## [Captioned web images]
*****

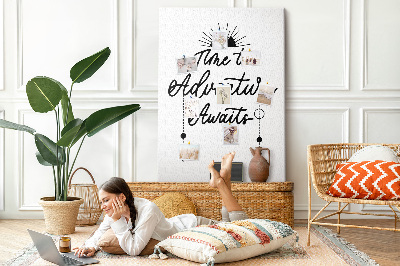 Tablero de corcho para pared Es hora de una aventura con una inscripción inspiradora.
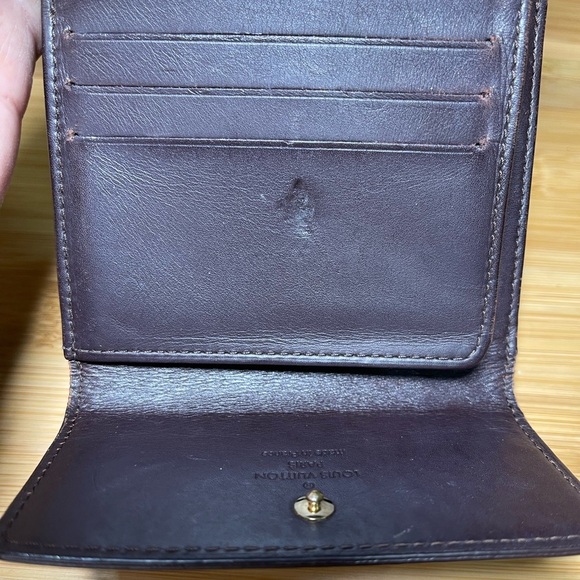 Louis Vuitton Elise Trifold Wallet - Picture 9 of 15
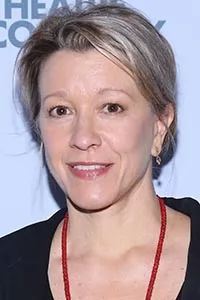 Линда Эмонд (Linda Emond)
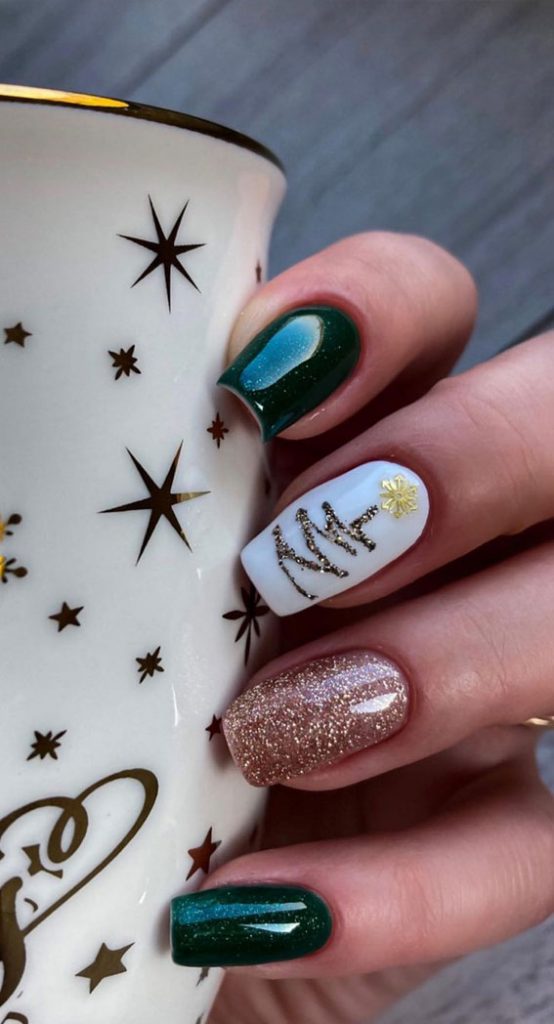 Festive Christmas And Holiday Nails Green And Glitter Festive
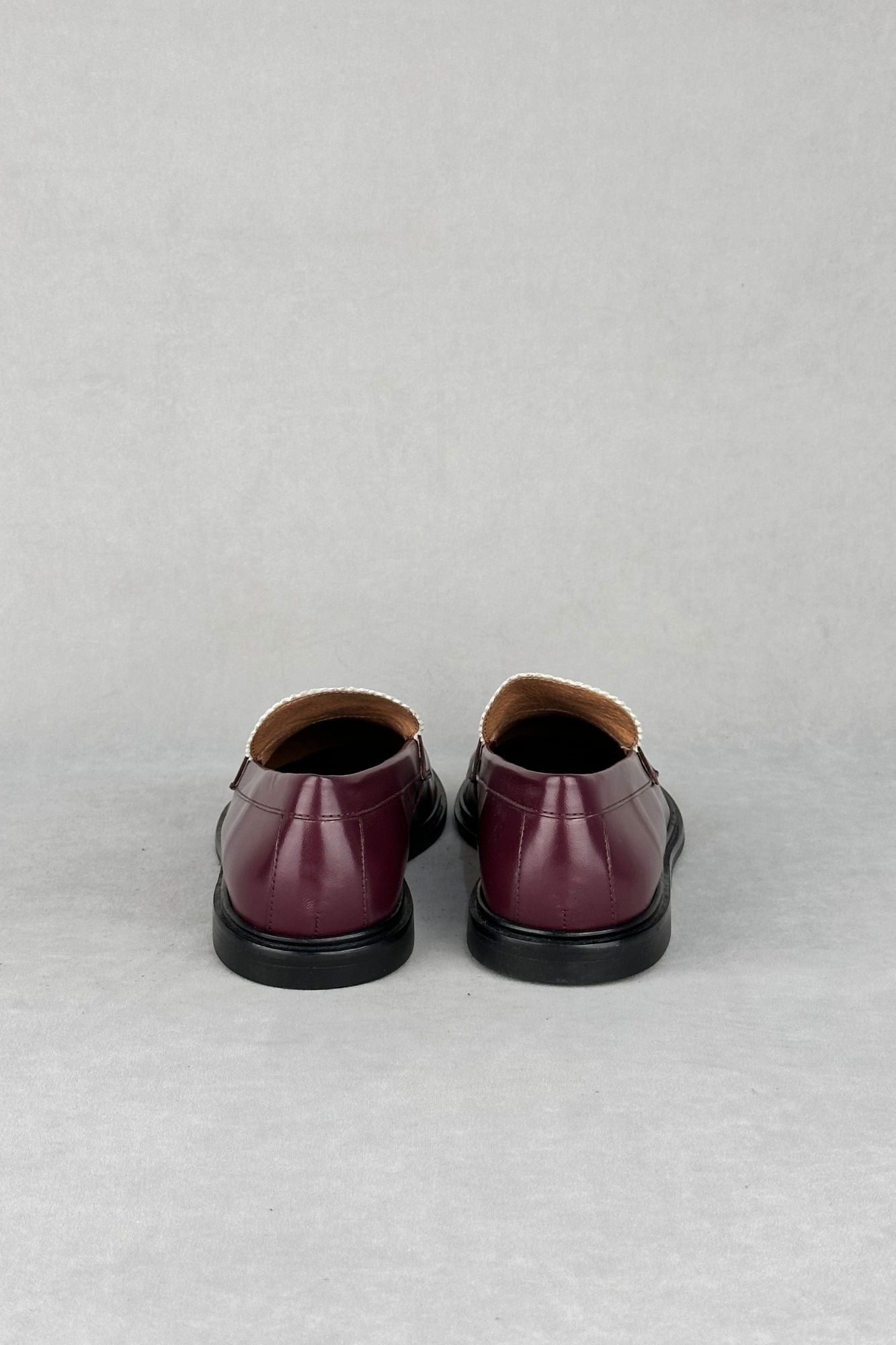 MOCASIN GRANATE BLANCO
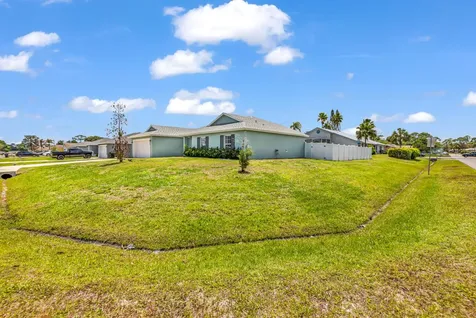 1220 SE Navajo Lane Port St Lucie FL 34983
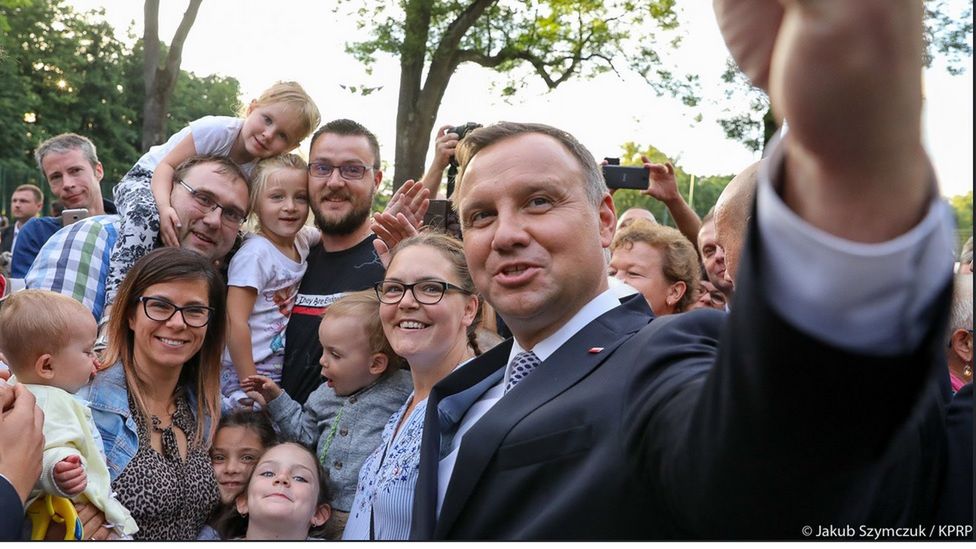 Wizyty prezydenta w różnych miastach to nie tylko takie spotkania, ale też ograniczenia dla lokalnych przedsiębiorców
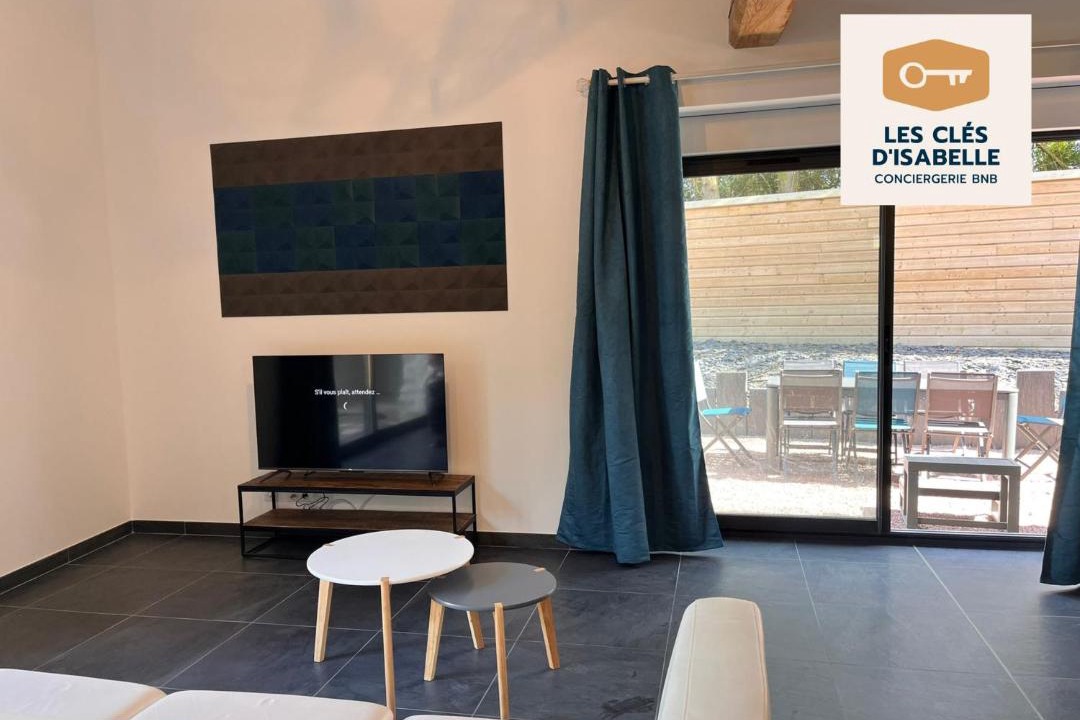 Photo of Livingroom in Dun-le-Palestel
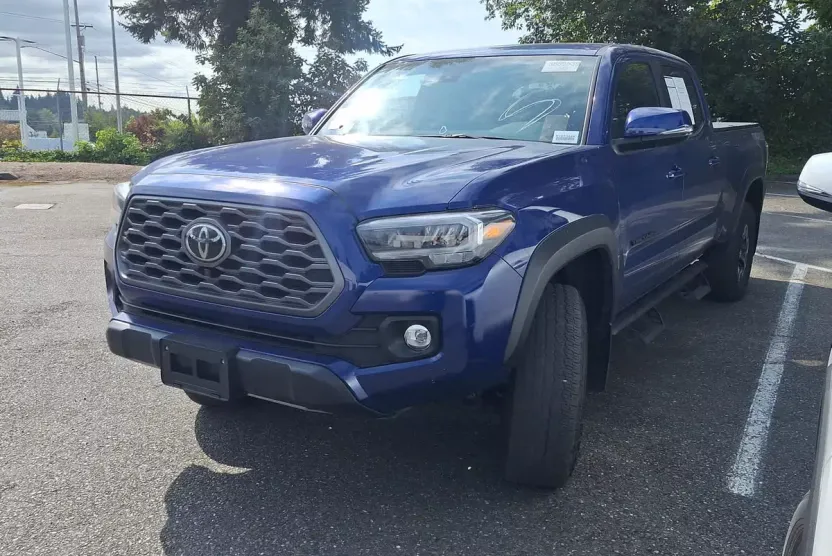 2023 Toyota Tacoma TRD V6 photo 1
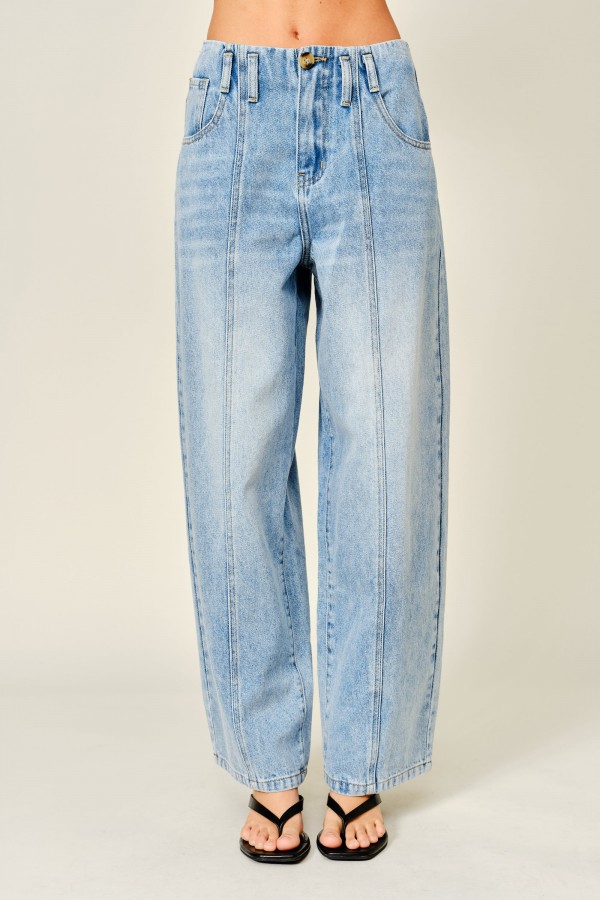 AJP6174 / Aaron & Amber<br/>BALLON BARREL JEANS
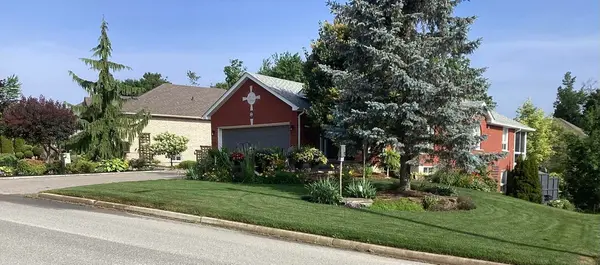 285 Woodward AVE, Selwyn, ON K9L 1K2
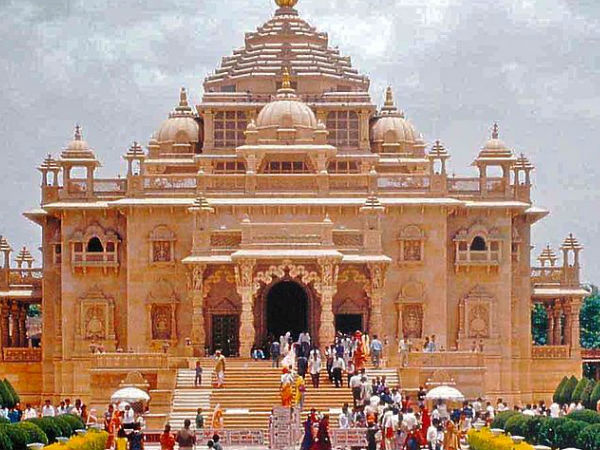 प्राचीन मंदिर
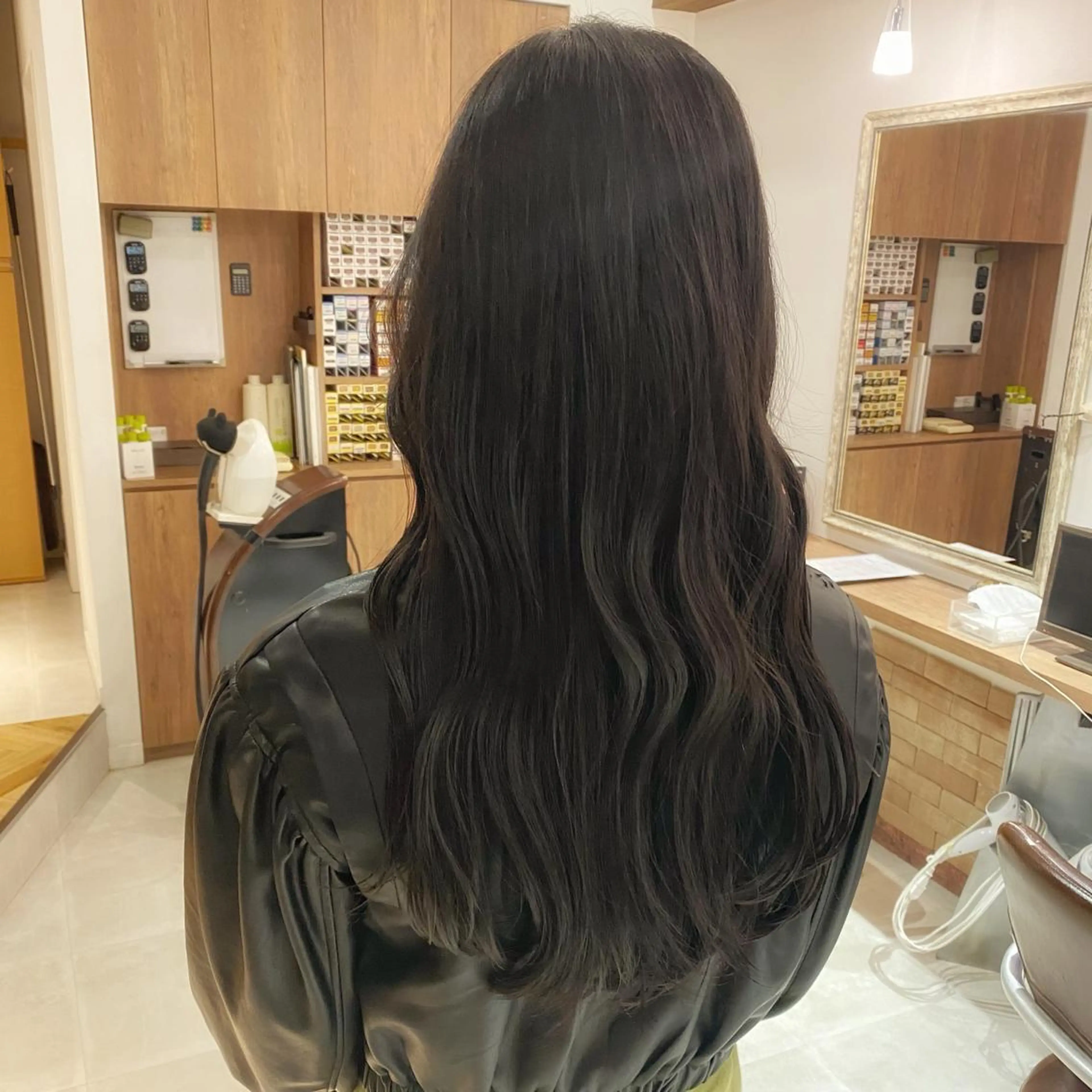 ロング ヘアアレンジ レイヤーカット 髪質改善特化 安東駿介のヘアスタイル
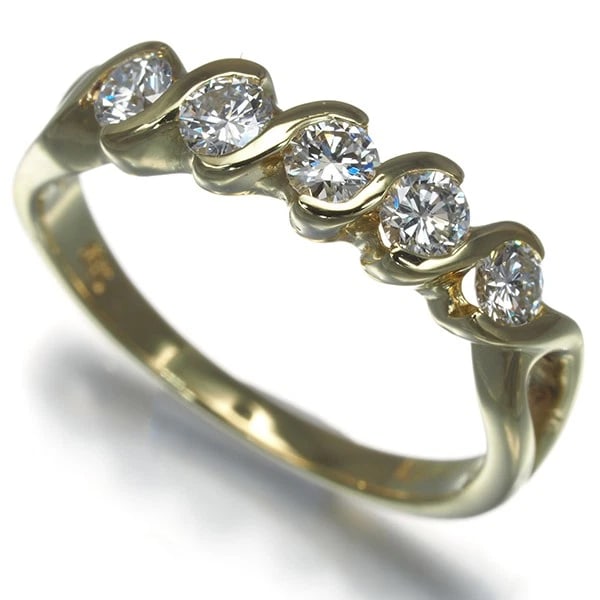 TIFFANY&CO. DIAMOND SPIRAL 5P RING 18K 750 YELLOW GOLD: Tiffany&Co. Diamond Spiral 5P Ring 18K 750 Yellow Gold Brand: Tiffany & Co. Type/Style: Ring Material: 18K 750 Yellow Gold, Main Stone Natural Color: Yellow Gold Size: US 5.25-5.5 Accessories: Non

*****

## [Required work]
Because the pictures are not wanted, retype every record exactly without them.

## [Your response]
 Tablero de corcho para pared Es hora de una aventura con una inscripción inspiradora.
 Louis Vuitton Elise Trifold Wallet - Picture 9 of 15
 Линда Эмонд (Linda Emond)
 Festive Christmas And Holiday Nails Green And Glitter Festive
 MOCASIN GRANATE BLANCO
 1220 SE Navajo Lane Port St Lucie FL 34983
 Wizyty prezydenta w różnych miastach to nie tylko takie spotkania, ale też ograniczenia dla lokalnych przedsiębiorców
 Photo of Livingroom in Dun-le-Palestel
 2023 Toyota Tacoma TRD V6 photo 1
 AJP6174 / Aaron & Amber<br/>BALLON BARREL JEANS
 285 Woodward AVE, Selwyn, ON K9L 1K2
 प्राचीन मंदिर
 ロング ヘアアレンジ レイヤーカット 髪質改善特化 安東駿介のヘアスタイル
 TIFFANY&CO. DIAMOND SPIRAL 5P RING 18K 750 YELLOW GOLD: Tiffany&Co. Diamond Spiral 5P Ring 18K 750 Yellow Gold Brand: Tiffany & Co. Type/Style: Ring Material: 18K 750 Yellow Gold, Main Stone Natural Color: Yellow Gold Size: US 5.25-5.5 Accessories: Non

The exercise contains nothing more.